Code du travail: la CFDT Métallurgie appelle Laurent Berger à la mobilisation

PARIS, 17 septembre 2017 (AFP) – La fédération métallurgie de la CFDT (FGMM) appelle dimanche Laurent Berger, patron du syndicat, à plus de fermeté face à la réforme du Code du travail, l’exhortant à appeler à « une mobilisation nationale ».

« Le choix a été fait de ne pas appeler à une mobilisation nationale », rappelle la FGMM dans un courrier adressé à M. Berger, transmis à l’AFP.
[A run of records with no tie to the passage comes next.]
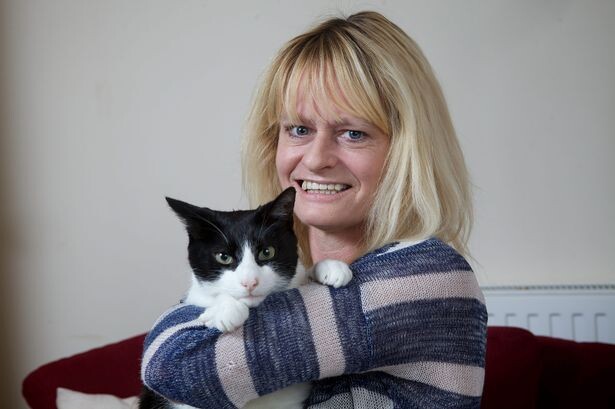 Мерлин и Трейси Вествуд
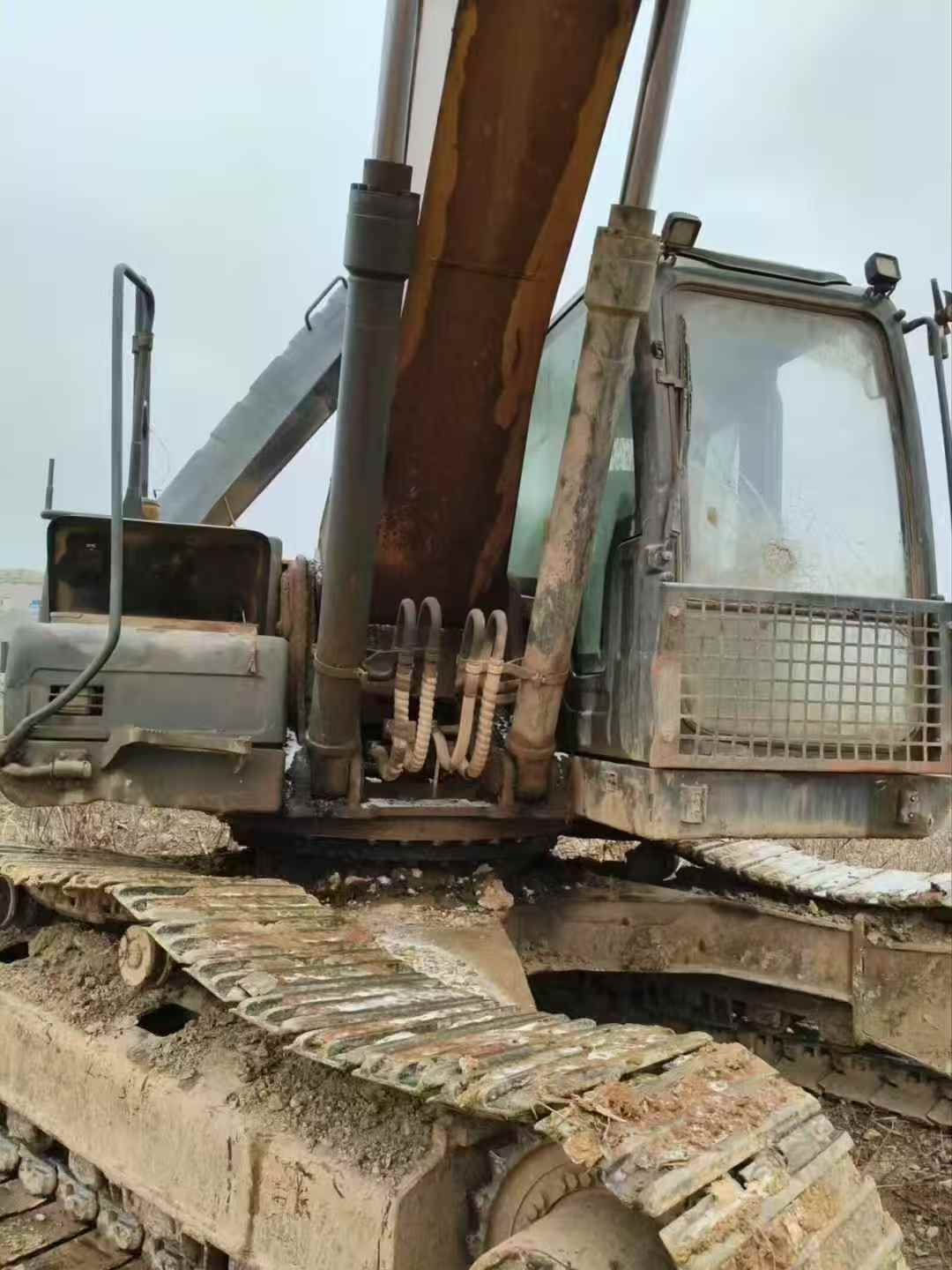 Used XCMG XE270DK Excavator 2019 Model / 6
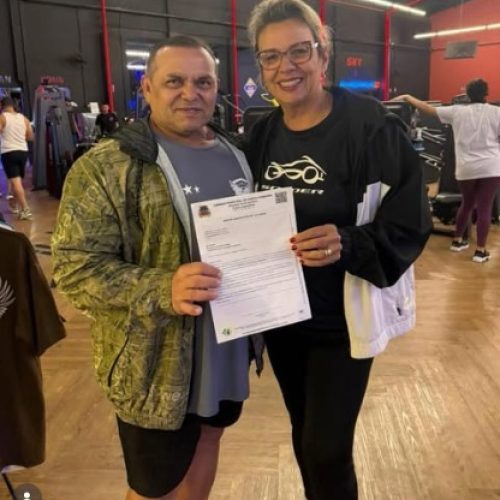 Treinador Lourenço de Porto Ferreira recebe moção de aplauso por destaque em competição nacional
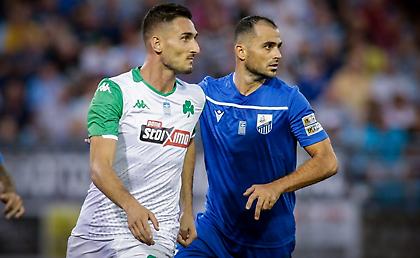 Λαμία-Παναθηναϊκός 0-2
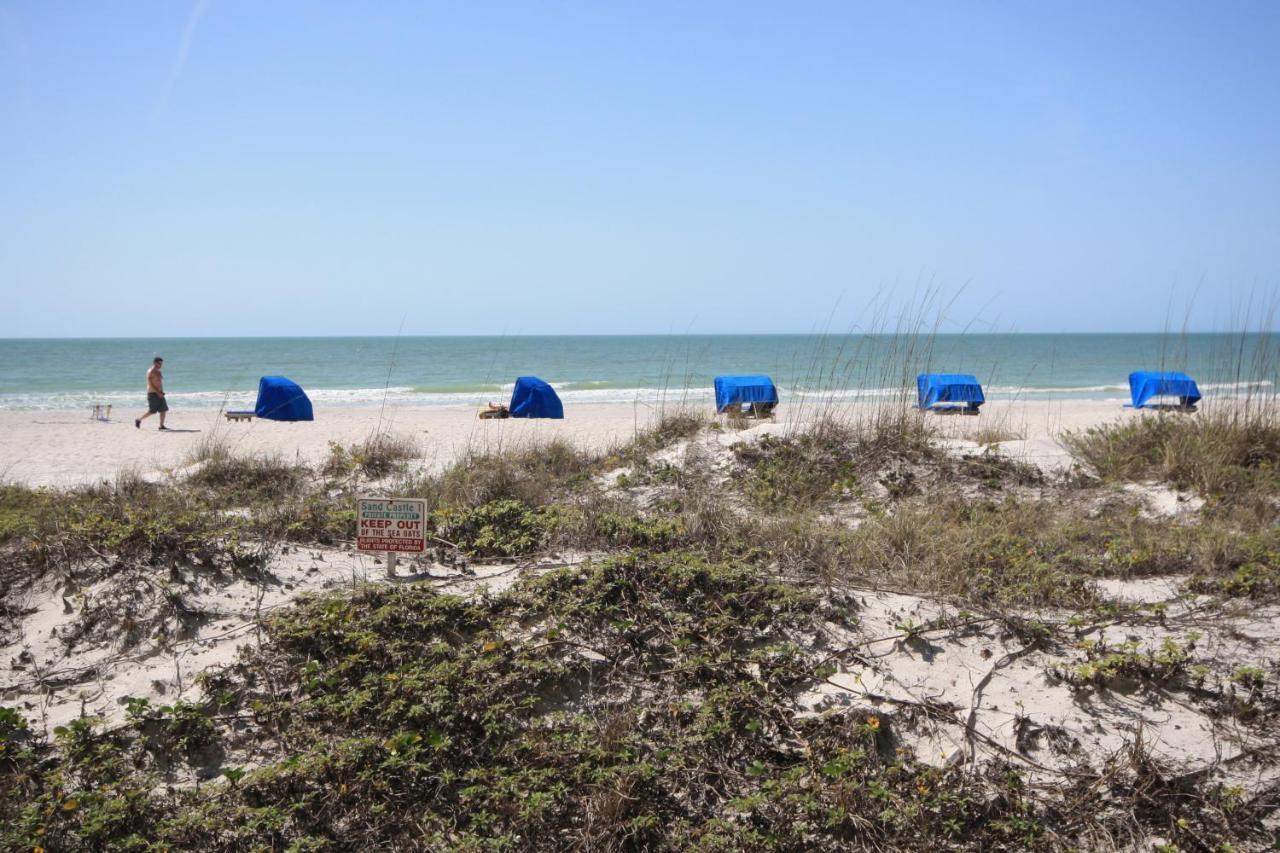 Sand Castle I 603 Clearwater Beach Bagian luar foto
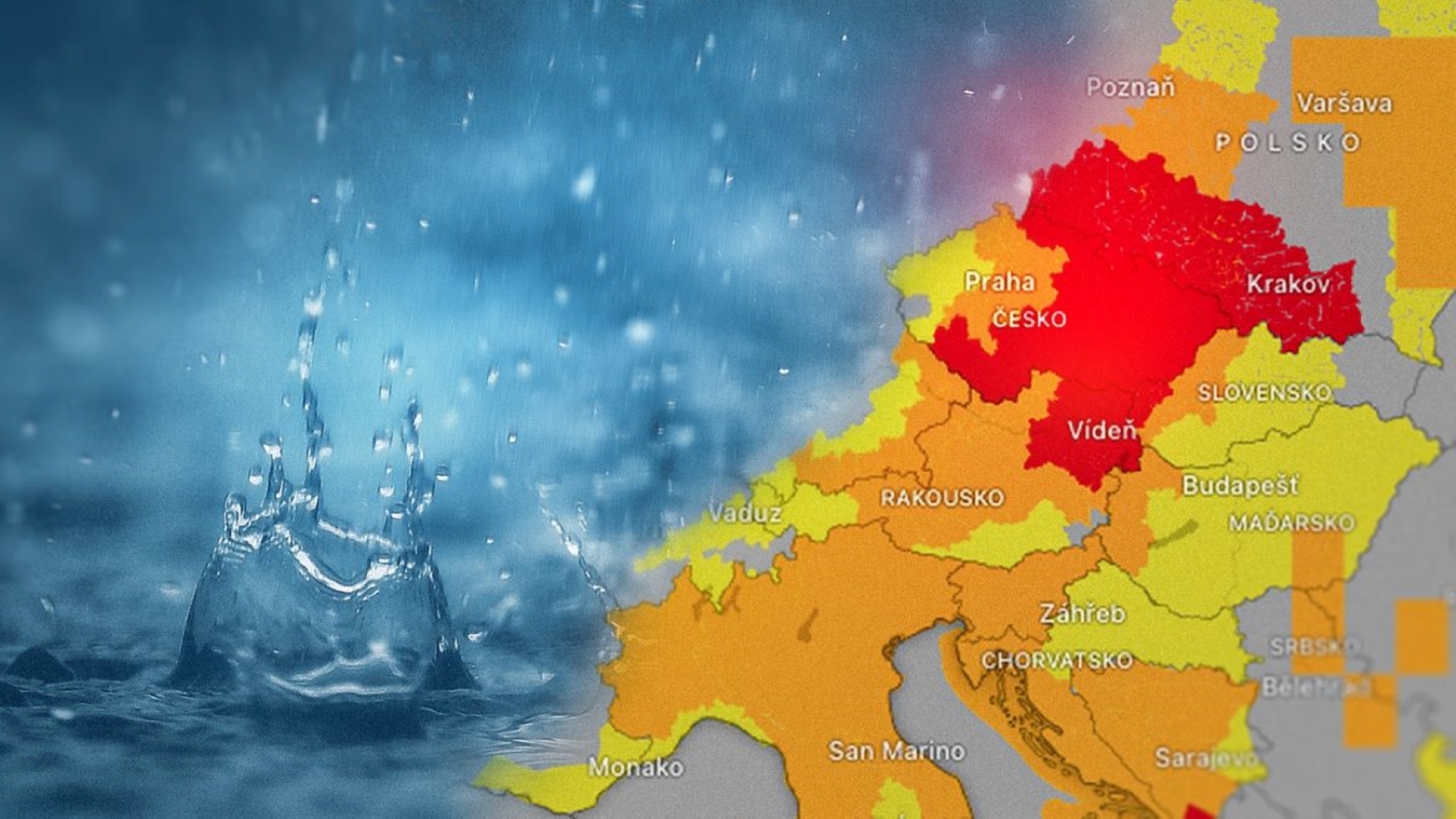 Luceda.cz pomáhá: Podpořte s námi rodiny a firmy postižené povodněmi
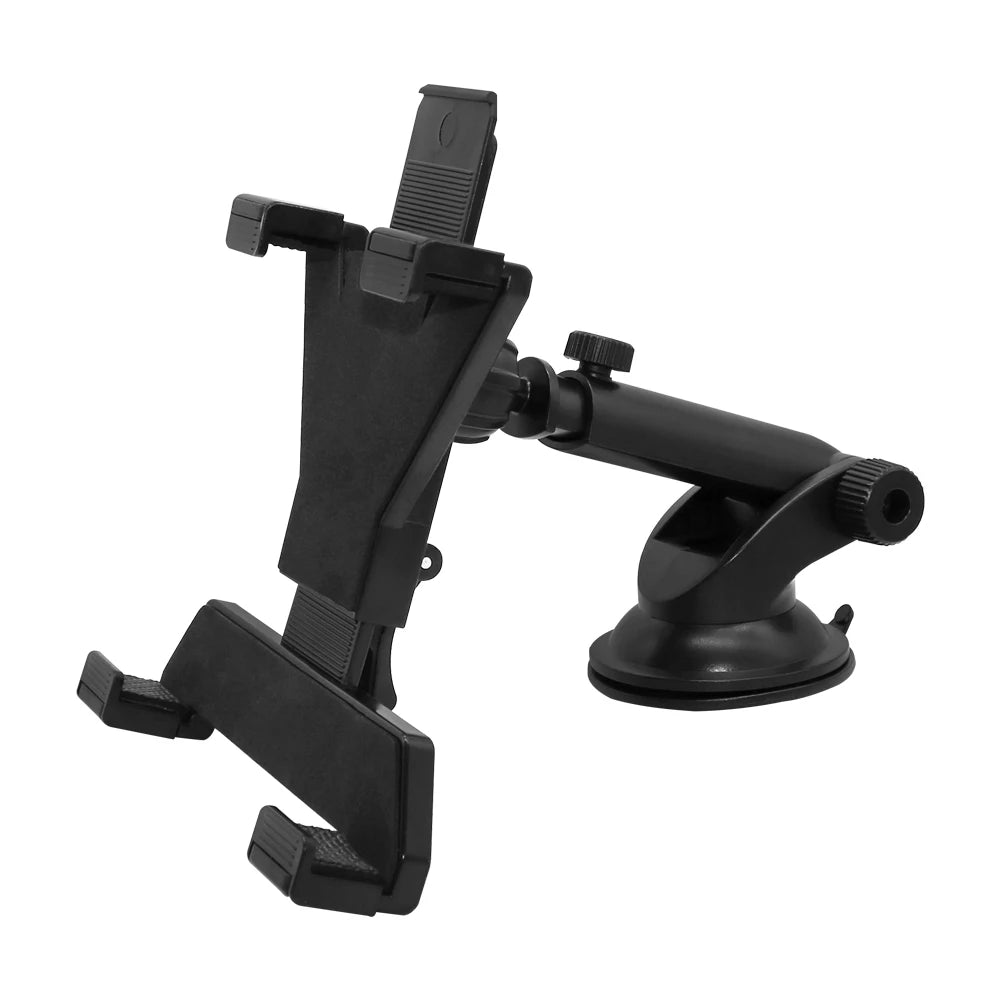 Universal Suction Mount for Tablets & Phones - Adjustable Holder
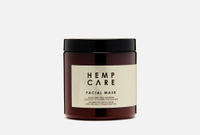 Organic Italian Hemp Oil 250 мл Питательная маска для лица HEMP CARE
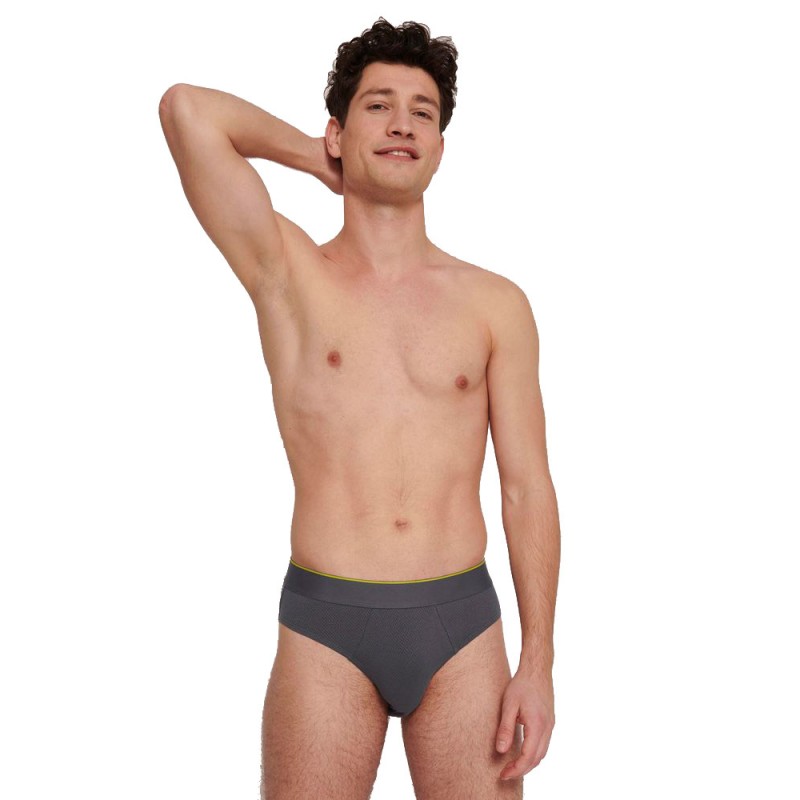 Sloggi Men EVER Airy H Brief C2P - Σετ 2 Τεμαχίων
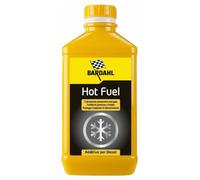 Liberty Furniture Bardahl 121240 Hot Fuel, Motlicolore.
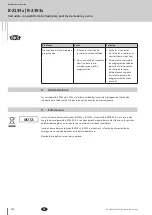 Предварительный просмотр 140 страницы G-U BKS B-2193 Series Installation Instructions Manual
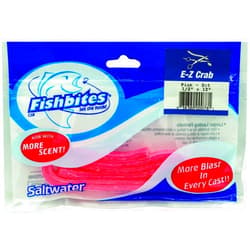 Fishbites E-Z Crab - Longer Lasting
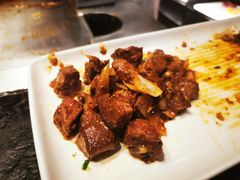 菲力牛排-火地铁板烧(昆山万象汇店)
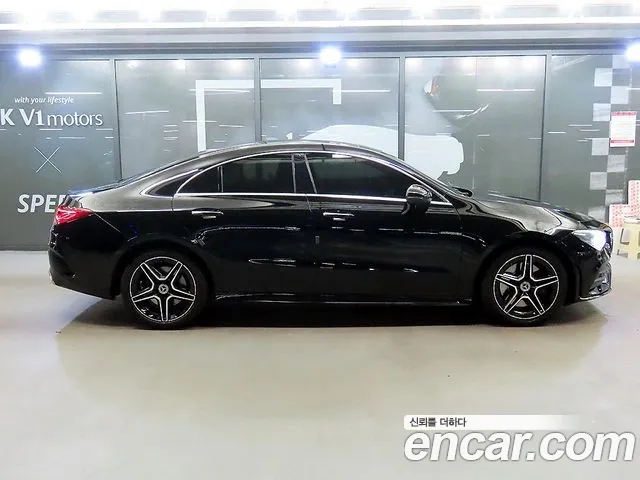 Mercedes-Benz CLA-Class 2020 — фото 3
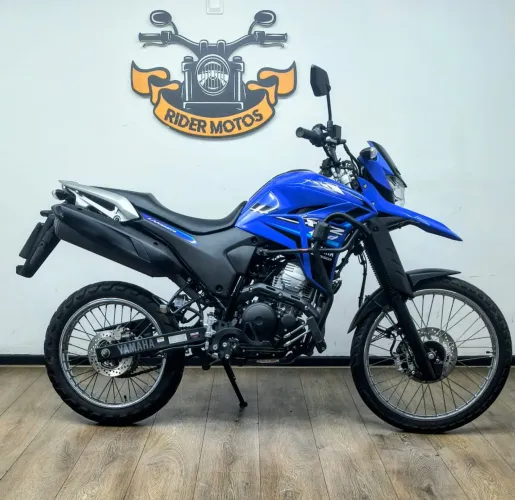 YAMAHA XTZ 250 LANDER 249cc/LANDER BLUEFLEX/ABS 2024 Flex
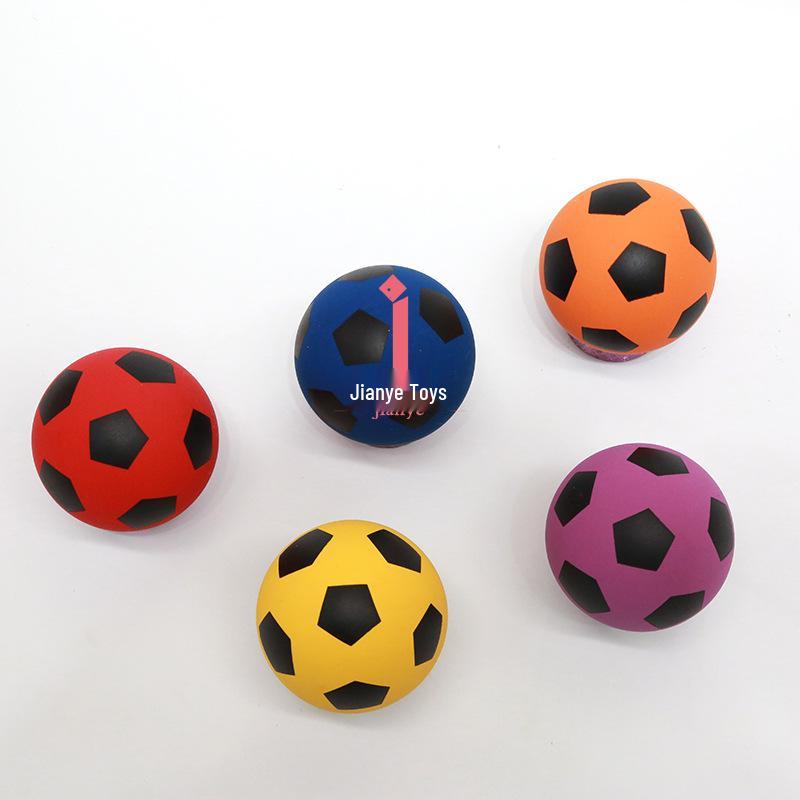 

6cm Mini Rubber Basketball - High Elasticity Children s Toy Ball, Hollow Inflatable, Trendy Design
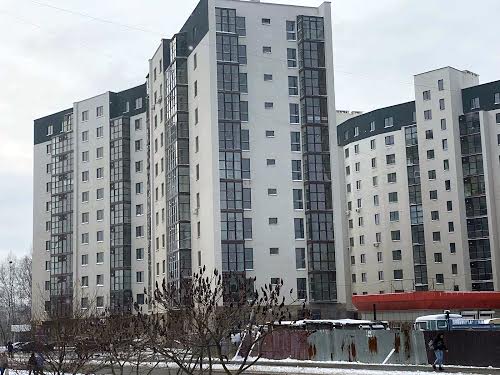 квартира за адресою Збройних Сил України вул. (Інтернаціоналістів), 41-Б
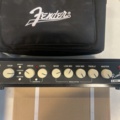 1069602-2 Fender Rumble 500 Head bass amp top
« C’est ce choix qui a occasionné la colère de nombreux militants qui, appartenant à la première organisation syndicale du privé, s’attendaient à une réaction bien plus forte de la CFDT », ajoute-t-elle, en précisant que ce courrier a été décidé à l’issue d’un bureau fédéral.

« Ce qu’attendent les militants, relayés massivement par l’expression des membres du bureau fédéral, c’est un appel national à manifester de la part de la CFDT », poursuit la fédération, qui estime que les ordonnances sur la réforme du Code du travail « contiennent des mesures de recul du droit social et du droit syndical ».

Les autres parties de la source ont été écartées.